Walkie-Talkie Voice Messaging -- Record a complete voice message and transmit it on release. No live streaming, no clipping.
In-Call Encrypted Chat -- Send and receive encrypted text messages during a call. Press T to type a message.
Caller ID -- Both parties automatically exchange .onion addresses on connect. The remote address is displayed in the call header.
Auto-Hangup Detection -- When one party hangs up, the other is notified immediately and the call ends automatically.
Configurable Cipher -- Choose from 21 curated ciphers ranked by strength (256-bit → 128-bit). Includes AES, ChaCha20, Camellia, and ARIA families. Weak ciphers (DES, RC4, ECB modes) are excluded.
Live Cipher Negotiation -- Both parties exchange cipher information on connect. The call header shows both local and remote ciphers with green (match) or red (mismatch) indicators, updated in real time.
Mid-Call Settings -- Press S during a call to access settings. Change your cipher on the fly; the remote party's display updates automatically.
Snowflake Bridge Info -- When using Snowflake for censorship circumvention, the call page displays the bridge descriptor name, fingerprint, and transport connection status parsed from Tor's logs.
Auto-Listen -- When enabled, a background listener starts automatically when Tor boots. Incoming calls are detected and accepted from the main menu without needing to manually select "Listen for calls". After a call ends, the listener restarts.
Configurable PTT Key -- Change the push-to-talk key from the default spacebar to any key via the Settings menu.
Message Stats -- The call screen displays the encrypted payload size for sent and received messages, updated in-place.
Remote PTT Status -- The call screen shows a static indicator for the remote party's state: "Idle" (green) or "● Recording" (red). Resets immediately when audio data arrives, before playback begins.
PTT Chime -- Optional notification sound when the remote party starts recording. Five built-in presets (tone, double, chirp, ding, click) generated with sox, plus the ability to record a custom 2-second chime. Configurable via Settings.
Connecting Animation -- When calling a remote address, a cycling animation plays until the call interface loads.
Voice Changer -- Apply voice effects to outgoing audio. Includes 6 presets (deep, high, robot, echo, whisper) and a fully configurable custom mode with pitch shift, overdrive, flanger, echo, highpass filter, and tremolo. Effects are processed using sox before Opus encoding.
Volume PTT (Termux) -- Experimental mode that lets you double-tap the Volume Down button to toggle recording, even when Termux is in the background. Requires jq (installed on demand). Volume is automatically restored after each trigger.
Tor Hidden Service -- Each instance runs its own Tor hidden service. Your .onion address serves as a permanent, routable endpoint. No port forwarding or public IP required.
End-to-End Encryption -- All audio and text is encrypted using a configurable cipher (default: AES-256-CBC) with PBKDF2 key derivation from a pre-shared secret before entering the Tor network.

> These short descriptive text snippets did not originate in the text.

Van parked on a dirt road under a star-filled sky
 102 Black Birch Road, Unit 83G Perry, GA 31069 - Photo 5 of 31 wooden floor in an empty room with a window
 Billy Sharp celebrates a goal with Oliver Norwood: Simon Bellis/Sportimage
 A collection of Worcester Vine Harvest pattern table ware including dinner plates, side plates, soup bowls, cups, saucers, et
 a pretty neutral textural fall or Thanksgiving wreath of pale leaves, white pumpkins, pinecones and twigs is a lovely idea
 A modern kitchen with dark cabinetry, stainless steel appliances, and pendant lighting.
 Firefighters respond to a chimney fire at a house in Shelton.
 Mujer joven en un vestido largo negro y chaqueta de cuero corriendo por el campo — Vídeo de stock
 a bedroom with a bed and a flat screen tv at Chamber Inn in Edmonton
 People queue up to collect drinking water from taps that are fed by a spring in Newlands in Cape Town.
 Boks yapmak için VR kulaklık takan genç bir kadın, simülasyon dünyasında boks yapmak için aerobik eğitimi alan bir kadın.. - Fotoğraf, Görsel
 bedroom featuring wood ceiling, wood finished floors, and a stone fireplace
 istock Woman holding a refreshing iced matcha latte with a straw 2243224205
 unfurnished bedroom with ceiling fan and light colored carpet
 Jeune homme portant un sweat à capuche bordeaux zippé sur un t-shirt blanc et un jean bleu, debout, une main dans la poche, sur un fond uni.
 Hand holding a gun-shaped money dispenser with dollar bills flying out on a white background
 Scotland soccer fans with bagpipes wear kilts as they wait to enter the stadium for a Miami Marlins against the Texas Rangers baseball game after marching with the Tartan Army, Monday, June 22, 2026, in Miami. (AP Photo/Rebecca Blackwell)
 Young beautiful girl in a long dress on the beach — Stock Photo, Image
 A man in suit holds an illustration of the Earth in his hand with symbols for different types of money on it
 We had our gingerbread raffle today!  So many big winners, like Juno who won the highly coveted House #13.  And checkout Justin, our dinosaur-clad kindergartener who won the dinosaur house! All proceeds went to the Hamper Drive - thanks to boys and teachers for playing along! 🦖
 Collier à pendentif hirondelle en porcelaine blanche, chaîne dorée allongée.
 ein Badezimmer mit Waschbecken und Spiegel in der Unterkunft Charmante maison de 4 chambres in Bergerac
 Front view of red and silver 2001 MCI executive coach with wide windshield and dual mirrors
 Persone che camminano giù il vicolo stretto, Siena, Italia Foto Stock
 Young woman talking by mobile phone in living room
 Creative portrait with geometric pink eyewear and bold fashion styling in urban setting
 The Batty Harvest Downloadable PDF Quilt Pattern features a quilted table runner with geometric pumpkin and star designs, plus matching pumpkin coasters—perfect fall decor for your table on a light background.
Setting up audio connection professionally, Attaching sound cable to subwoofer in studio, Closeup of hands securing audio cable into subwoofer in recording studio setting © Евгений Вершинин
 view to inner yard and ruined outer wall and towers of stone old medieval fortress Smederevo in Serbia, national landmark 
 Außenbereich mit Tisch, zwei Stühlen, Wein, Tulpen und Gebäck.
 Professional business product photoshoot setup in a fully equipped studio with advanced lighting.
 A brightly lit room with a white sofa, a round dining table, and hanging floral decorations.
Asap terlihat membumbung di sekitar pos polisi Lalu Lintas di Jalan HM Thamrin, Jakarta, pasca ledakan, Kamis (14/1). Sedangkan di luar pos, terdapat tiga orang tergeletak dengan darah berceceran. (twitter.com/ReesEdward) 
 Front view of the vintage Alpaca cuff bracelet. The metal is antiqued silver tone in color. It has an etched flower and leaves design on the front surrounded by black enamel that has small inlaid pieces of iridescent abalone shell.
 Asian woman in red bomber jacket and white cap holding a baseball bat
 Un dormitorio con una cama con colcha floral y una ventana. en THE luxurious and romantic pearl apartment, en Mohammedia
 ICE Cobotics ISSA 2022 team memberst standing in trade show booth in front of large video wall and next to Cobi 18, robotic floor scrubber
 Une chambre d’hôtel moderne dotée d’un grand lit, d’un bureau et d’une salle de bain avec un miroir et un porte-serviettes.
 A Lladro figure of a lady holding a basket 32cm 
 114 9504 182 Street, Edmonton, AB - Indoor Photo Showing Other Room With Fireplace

Passphrase-Protected Secret -- The shared secret can be encrypted at rest using a user-chosen passphrase (AES-256-CBC, 100,000 PBKDF2 iterations). Existing plaintext secrets are automatically detected with an offer to migrate.
Low Bandwidth -- Opus codec at 16kbps, 8kHz mono. A typical 10-second voice message is under 20KB, well within Tor's capacity.
QR Code Sharing -- Option 3 can display your .onion address as a scannable QR code in the terminal. If qrencode is not installed, you are prompted to install it. The QR code renders on the alternate screen buffer and is destroyed when dismissed. A note warns that some QR scanners auto-prepend http://; this prefix is automatically stripped when dialing.
Opaque Temporary Files -- All temp files use generic .tmp extensions and random hex identifiers. No file type or timing metadata is leaked to the filesystem.
Circuit Hop Display -- Opt-in display of your Tor circuit path during calls, showing relay names and full country names. Auto-refreshes every 60 seconds. Configurable via Settings → Tor Settings.
Exclude Countries -- Exclude specific countries from your Tor circuits. Presets for Five Eyes, Nine Eyes, and Fourteen Eyes alliances, or enter custom country codes. Uses ExcludeNodes with StrictNodes in the torrc.
HMAC Protocol Authentication -- Optional HMAC-SHA256 signing of all protocol messages (voice, text, control signals) using the shared secret. A random nonce is included per message, and seen nonces are tracked to reject replays. Unsigned, forged, or replayed messages are silently dropped. HMAC state is frozen at call start to prevent mid-call desync. Configurable via Settings → Security.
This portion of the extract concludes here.